Giacomo Leopardi. Cara inefable beldad

Mario Elisei

El manuscrito, la crítica, las interpretaciones. Cumple 200 años A su dama, su poema más vertiginoso, incomprendido y sobrecogedor del autor, que en este «himno de ignoto amante» encierra todo su drama

«Obra de 6 días. Septiembre 1823. A su Amor (tachado, ndr). Canción Décima. A su Dama». Así comienza el texto autógrafo de Giacomo Leopardi que podríamos denominar la “copia en bruto” de su poesía, un manuscrito interesantísimo tanto por su contenido –con sus variantes, intuiciones e ideas inspiradoras– como por la forma de su composición.
Ya en el íncipit aparecen indicaciones sustanciales donde «Dama» va escrito con “D” mayúscula, así como la primera idea del título, tachado después, «Amor», escrito con “A” mayúscula. Al concepto de Dama, A su Amor, Leopardi le otorga una singularidad, una excepcionalidad que le es propia.
A su Dama es uno de los milagros de la lírica leopardiana. Lástima que no se estudie en las aulas. Compuso esta canción tras más de un año de silencio poético desde el Himno a los patriarcas y cuando sus intereses ya estaban orientados hacia sus Operetas morales. Es un poema de amor dedicado no a la mujer como idea, sino a la mujer como belleza. Veremos la diferencia.
Este poema fue objeto de profundos análisis por parte de la crítica, que intentó interpretar su contenido seccionando palabras y abstrayendo versos, pero censurando el contenido en su conjunto. El propio Pietro Giordani, el primer amigo de Leopardi, la interpretó de manera equívoca y hasta Manzoni reconoció no haberla entendido, confesando que la había apartado entre las obras «más oscuras y menos poéticas» del autor de Recanati.
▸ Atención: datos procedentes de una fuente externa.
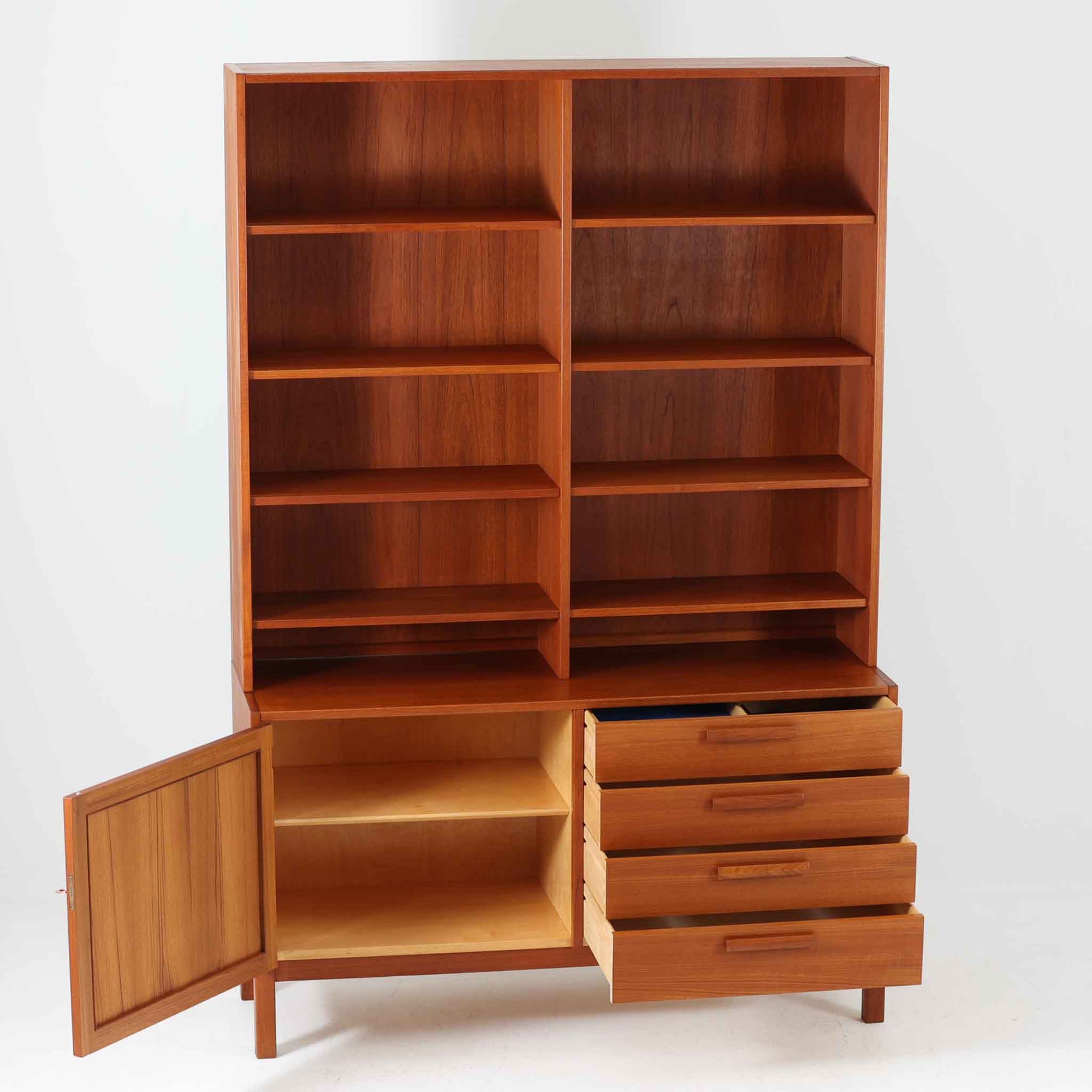 Nils JonssonがTroeds社のためにデザインした「Domi Monté」モデルのディスプレイシェルフ。チーク材を贅沢に使用し、温かみのある木肌と洗練されたフォルムが魅力の一台です。上部には高さ調整が可能な可動棚が8枚備わり、本やオブジェのディスプレイに柔軟に対応。下部には扉付き収納と仕切り付きの引き出しが配されており、実用性にも優れます。背面にはTroeds社の刻印が残されており、スウェーデン製ビンテージ家具としての確かな出自を物語ります。空間に落ち着きと上質な雰囲気を添える、北欧モダンらしい逸品です。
En efecto, el canto A su Dama resulta extraño respecto a toda la producción de Leopardi porque aborda temas que parece que se le escapan de las manos.
Nos encontramos con uno de los grandes temas, la belleza, personificado en la figura de una «dama que no se encuentra», pero de cuya existencia el poeta está convencido.

Leopardi trata de distraer al lector mediante la explicación de lo que su misteriosa dama representa.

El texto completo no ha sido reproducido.